Re: 60 vs. 30 ma

Subject:  Re: 60 vs. 30 ma
  Date:   Wed, 11 Jun 1997 19:19:31 -0700 (PDT)
  From:  "Edward V. Phillips" <ed-at-alumni.caltech.edu>
    To:  tesla-at-pupman-dot-com

"Are you certain? In my Tesla Coil the primary capacitor is
directly across the high voltage leads of the xformer. For
most cases, in order to draw the rated current (ie 60mA) you
need a capacitance value so that the capacitive reactance (Xc)
is equal to your voltage (ie 12000v) divided by max current
output (ie 60mA).
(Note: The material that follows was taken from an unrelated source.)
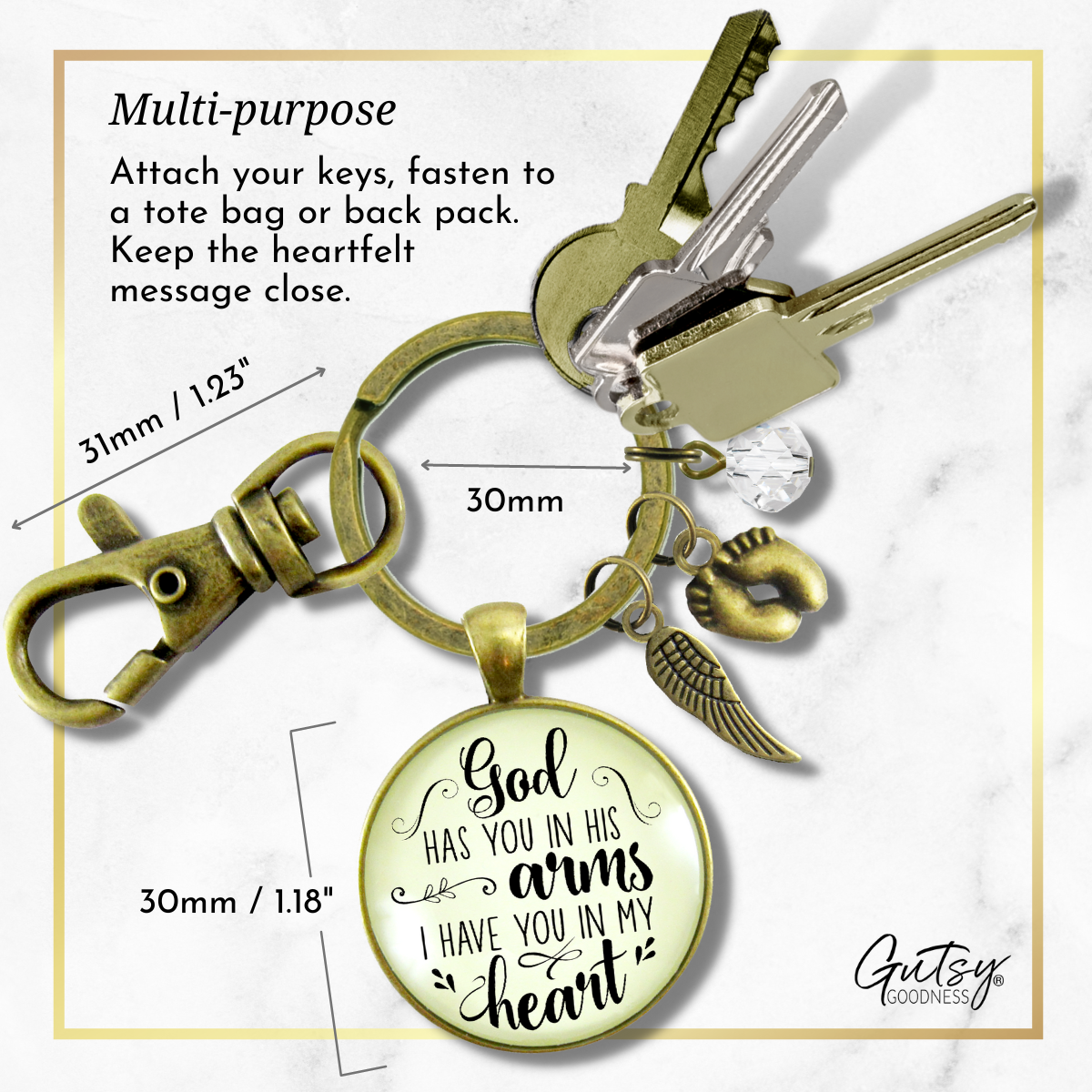 Baby Loss Memorial Keychain For Mom God Has You In Arms Heart Miscarriage Jewel Gift  Keychain - Women - Gutsy Goodness Handmade Jewelry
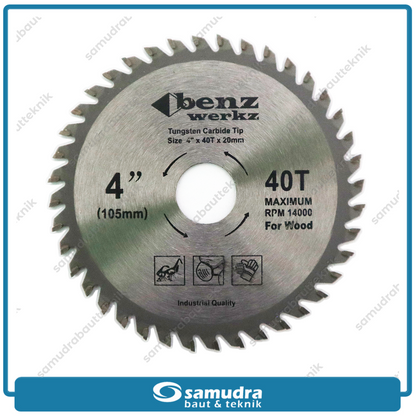 BENZ BZ-7045 Mata Gerinda Potong Kayu 4"x40T / Circular Saw Blade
Or Xc=12000/.06"
        No way, if I understand what you mean.....  The transformer
will provide rated current into a short circuit, and less than rated
current into a resistive or inductive load.  HOWEVER, if you connect
a capacitive load, particularly the "matched" case you present,
The transformer will be series resonant with the capacitor, and
the voltage will rise ABOVE rated voltage to a value limited by
one of these three conditions:
1. The current is limited by the equivalent series resistance
of the transformer (Rsecondary + (12000/100)^2 Rprimary,
2. The transformer core saturates, changing the effective inductance
and losses,
3. The poor secondary winding shorts out due to excess voltage,
a condition which is responsible for many, if not all, neon
transformer failures.
        The total equivalent resistance of a typical 12 kV, 60 ma
transformer of the type I use here is about 10,000 ohms.  If this
make that the secondary is resonant, this would result in a current
of about 1.2 amps.  The resultant voltage would then equal to 1.2
amps flowing through the reactance of the capacitor, which in this
case is 200,000 ohms.  Resultant voltage 240 kV !!!!!!!  No way the
poor, cheap secondary winding insulation is going to withstand that.
        By the way, in my opinion is is poor practice to place
the capacitor across the transformer, with the gap in series with
it and the primary, as your note suggests.  This will mean that
the full RF voltage appears across the winding, which may or may
not take it.  Putting the gap across the transfomer and the
capacitor and primary in series will result in much lower voltage
on the transformer, since the gap keeps the transformer shorted
(it can take it fine, and the peak current is the same as with
your connection) until the oscillations decay.